Regierung's Suche nach einem positiven Wandel: Kabinettsklausur im Zeichen des Kulturwechsels
Die aktuelle Bundesregierung um Kanzler Friedrich Merz hat sich einem ambitionierten Ziel verschrieben: Die vorherrschende negative Stimmung in Deutschland soll ins Positive gewendet und Freude am Wandel erzeugt werden. Diese Herausforderung stand im Mittelpunkt der ersten Kabinettsklausur der neuen Regierung, bei der Vizekanzler Lars Klingbeil die schlechte allgemeine Laune als Hauptgegner identifizierte.
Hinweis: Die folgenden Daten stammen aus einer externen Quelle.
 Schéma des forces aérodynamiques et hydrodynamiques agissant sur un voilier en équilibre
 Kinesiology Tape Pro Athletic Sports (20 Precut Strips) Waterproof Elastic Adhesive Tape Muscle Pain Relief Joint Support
Ein wesentlicher Diskussionspunkt war die Notwendigkeit einer neuen "Ruck-Rede", die Inspiration und Tatendrang fördern könnte. Dieser Impuls könnte von Merz selbst ausgehen, denn am kommenden Freitag wird er in Saarbrücken anlässlich des 35. Jahrestages der deutschen Wiedervereinigung sprechen.
Die Klausur wurde von gesundheitlichen und persönlichen Zwischenfällen belastet: Verkehrsminister Patrick Schnieder, CDU, erlitt einen Kreislaufzusammenbruch; Kulturstaatsminister Wolfram Weimer musste aus familiären Gründen abreisen.
Am ersten Tag des Treffens fokussierte sich das Kabinett auf das Thema Wettbewerbsfähigkeit, untermauert durch einen Vortrag von Professor Markus Brunnermeier von der Princeton University. Die diskursive Reise führte schnell zur Frage, wie eine negative Grundstimmung trotz erster politischer Erfolge der neuen Regierung herrschen könne. Diese Stimmung sei, so Klingbeil, eine Steilvorlage für populistische Parteien wie die AfD, die von der Polarisierung profitieren.
Vor 28 Jahren schon hatte Bundespräsident Roman Herzog in seiner berühmten Rede gefordert, es müsse ein Ruck durch Deutschland gehen. Die aktuelle Regierung sieht sich in der Pflicht, einen ähnlichen Reformweg wie die Agenda 2010 von Gerhard Schröder zu beschreiten.
Für die Koalition liegt der Erfolg in einem verbesserten Teamgeist, der seit der Sommerpause durch verstärkte Zusammenarbeit, gemeinschaftliche Reisen und informelle Zusammenkünfte gestärkt wird. Die Wahl des Tagungsortes, eine Villa am Tegeler See in Berlin, dient als Symbol für eine nüchtern arbeitende Koalition. Merz überraschte bei der Ankunft in der Villa mit einem legeren Outfit, während er beim Familienfoto doch konventionell mit Krawatte auftrat.
Ergebnisse der Klausur, insbesondere eine Modernisierungsagenda, die Bürokratiekosten reduzieren soll, werden am zweiten Tag erwartet. Ziel dieser Agenda ist eine 25-prozentige Senkung der Bürokratiekosten.